Figure 2: Axial ultrasound with prostate outlined in gold. Corner cube reflectors (echogenic bands), indicated by dotted arrows, are etched into the laser catheter 5 mm from the diffuser (white). Temperature probe is inserted to the same depth as the laser fiber, then locked into place and remains parallel to the laser 8 mm apart, out of the US plane of view. Eight thermal sensors, which are within the probe 4 mm apart, provide temperature recordings at points from the base of the echogenic bands to the tip of the laser catheter. Temperature measurements closest to the rectal wall are provided by thermal measurements at the base of the temperature probe (positions 6-8). Please click here to view a larger version of this figure.
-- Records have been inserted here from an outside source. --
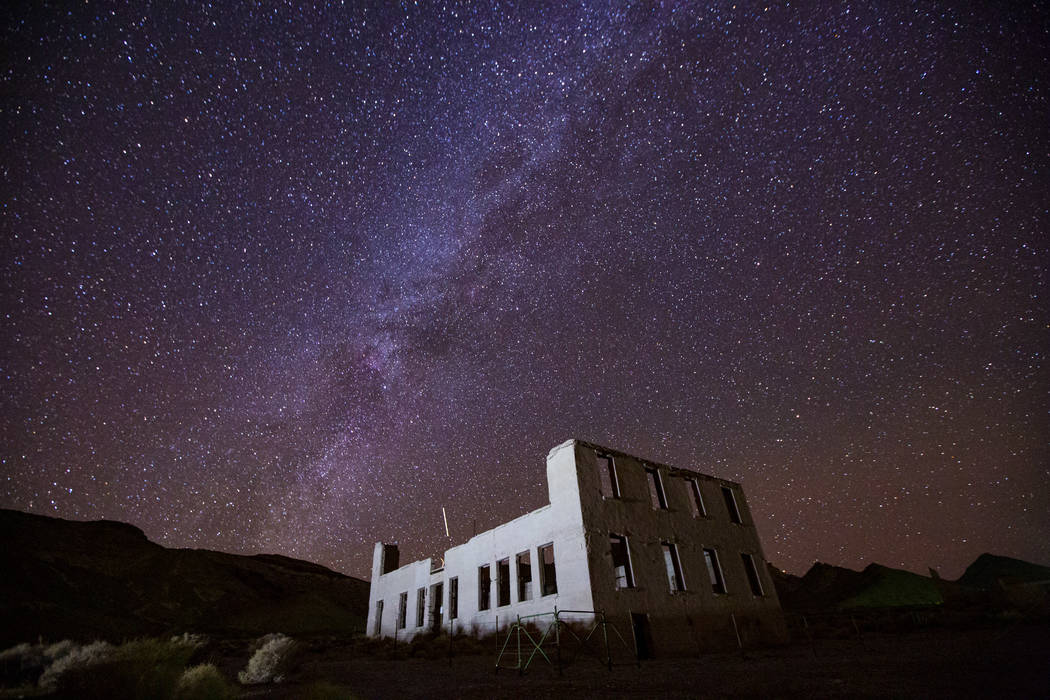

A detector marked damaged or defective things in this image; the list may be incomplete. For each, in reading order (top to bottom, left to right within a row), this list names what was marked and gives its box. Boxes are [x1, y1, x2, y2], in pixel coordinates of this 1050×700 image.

broken exterior wall [364, 440, 780, 652]
broken exterior wall [572, 440, 784, 652] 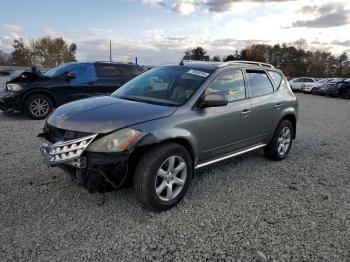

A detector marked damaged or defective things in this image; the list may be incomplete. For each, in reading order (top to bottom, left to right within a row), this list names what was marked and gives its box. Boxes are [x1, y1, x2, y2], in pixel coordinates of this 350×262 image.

damaged front bumper [39, 134, 130, 191] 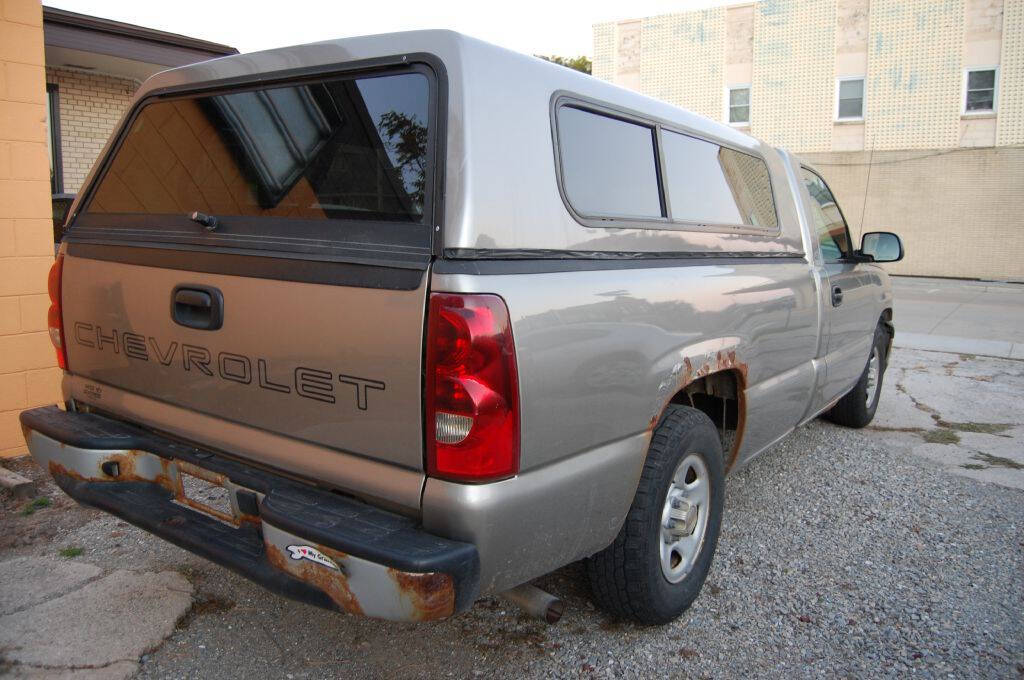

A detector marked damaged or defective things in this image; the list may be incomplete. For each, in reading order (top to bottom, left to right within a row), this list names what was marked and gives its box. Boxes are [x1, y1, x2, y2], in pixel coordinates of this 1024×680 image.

cracked concrete slab [0, 557, 100, 614]
cracked concrete slab [0, 565, 192, 671]
rusty bumper [18, 403, 477, 622]
dented bumper step pad [17, 403, 479, 622]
Figure 3: Temperature recordings during focal laser ablation for two successive ablations. Y-axis = temperature in Celsius. X-axis = time in minutes. Vertical shaded bars = periods of laser activation. Blue line = temperature 8mm from tip of laser fiber (distal thermocouple). White line = temperature 8 mm from proximal thermocouple nearest the rectal wall. A temperature of 60 degrees Celsius, achieved even briefly, assures coagulation necrosis. Please click here to view a larger version of this figure.
Figure 4: Images demonstrating concordance of ablation zone on post-treatment MRI (A) with actual necrotic zone on whole-mount specimen (B). Patient is 67-year-old male with PCa in right transition zone, Gleason score 3 + 4 = 7, participating in a 'treat and resect' trial. A. Post-ablation axial T1-weighted contrast-enhanced image, showing perfusion defect caused by laser treatment (green). B. Whole-mount H&E stain of the prostate. The necrotic tissue is delineated in green, the peri-necrotic tissue in yellow, and intact tumor (untreated) in blue. Reproduced under a Creative Commons license from Bomers et al, World Journal of Urology.15 Please click here to view a larger version of this figure.
The purpose of the present work is to describe and illustrate a method for performing focal laser ablation (FLA) of prostate cancer (PCa). The method differs from other focal therapy methods, as it is intended to be performed under local anesthesia in a clinic setting. The FLA method shown here was introduced in 2017,20 and has been continuously refined since that time. Thus, the procedure described in this paper may be of value to future investigators.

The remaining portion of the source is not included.